Work required. Could you return every record below without changing a word?

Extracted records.
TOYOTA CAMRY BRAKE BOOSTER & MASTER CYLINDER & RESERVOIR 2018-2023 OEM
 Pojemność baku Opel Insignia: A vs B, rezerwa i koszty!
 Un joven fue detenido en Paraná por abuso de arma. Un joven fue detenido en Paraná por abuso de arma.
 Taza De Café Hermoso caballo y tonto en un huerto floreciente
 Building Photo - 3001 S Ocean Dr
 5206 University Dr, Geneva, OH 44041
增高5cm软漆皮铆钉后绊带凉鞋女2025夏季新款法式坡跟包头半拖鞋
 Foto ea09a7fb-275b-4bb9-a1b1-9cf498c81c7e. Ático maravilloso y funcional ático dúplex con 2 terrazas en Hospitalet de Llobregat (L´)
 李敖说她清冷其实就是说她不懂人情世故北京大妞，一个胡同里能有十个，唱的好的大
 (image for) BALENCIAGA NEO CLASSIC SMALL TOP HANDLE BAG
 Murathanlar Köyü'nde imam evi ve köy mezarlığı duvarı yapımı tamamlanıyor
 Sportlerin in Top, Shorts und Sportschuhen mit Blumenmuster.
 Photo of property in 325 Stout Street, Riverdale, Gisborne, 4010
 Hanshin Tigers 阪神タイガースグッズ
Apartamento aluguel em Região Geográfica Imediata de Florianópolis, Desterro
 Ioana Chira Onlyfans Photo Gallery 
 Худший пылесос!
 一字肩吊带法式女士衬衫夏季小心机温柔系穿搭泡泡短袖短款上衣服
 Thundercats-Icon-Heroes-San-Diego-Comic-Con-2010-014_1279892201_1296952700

Result below.
TOYOTA CAMRY BRAKE BOOSTER & MASTER CYLINDER & RESERVOIR 2018-2023 OEM
 Pojemność baku Opel Insignia: A vs B, rezerwa i koszty!
 Un joven fue detenido en Paraná por abuso de arma. Un joven fue detenido en Paraná por abuso de arma.
 Taza De Café Hermoso caballo y tonto en un huerto floreciente
 Building Photo - 3001 S Ocean Dr
 5206 University Dr, Geneva, OH 44041
增高5cm软漆皮铆钉后绊带凉鞋女2025夏季新款法式坡跟包头半拖鞋
 Foto ea09a7fb-275b-4bb9-a1b1-9cf498c81c7e. Ático maravilloso y funcional ático dúplex con 2 terrazas en Hospitalet de Llobregat (L´)
 李敖说她清冷其实就是说她不懂人情世故北京大妞，一个胡同里能有十个，唱的好的大
 (image for) BALENCIAGA NEO CLASSIC SMALL TOP HANDLE BAG
 Murathanlar Köyü'nde imam evi ve köy mezarlığı duvarı yapımı tamamlanıyor
 Sportlerin in Top, Shorts und Sportschuhen mit Blumenmuster.
 Photo of property in 325 Stout Street, Riverdale, Gisborne, 4010
 Hanshin Tigers 阪神タイガースグッズ
Apartamento aluguel em Região Geográfica Imediata de Florianópolis, Desterro
 Ioana Chira Onlyfans Photo Gallery 
 Худший пылесос!
 一字肩吊带法式女士衬衫夏季小心机温柔系穿搭泡泡短袖短款上衣服
 Thundercats-Icon-Heroes-San-Diego-Comic-Con-2010-014_1279892201_1296952700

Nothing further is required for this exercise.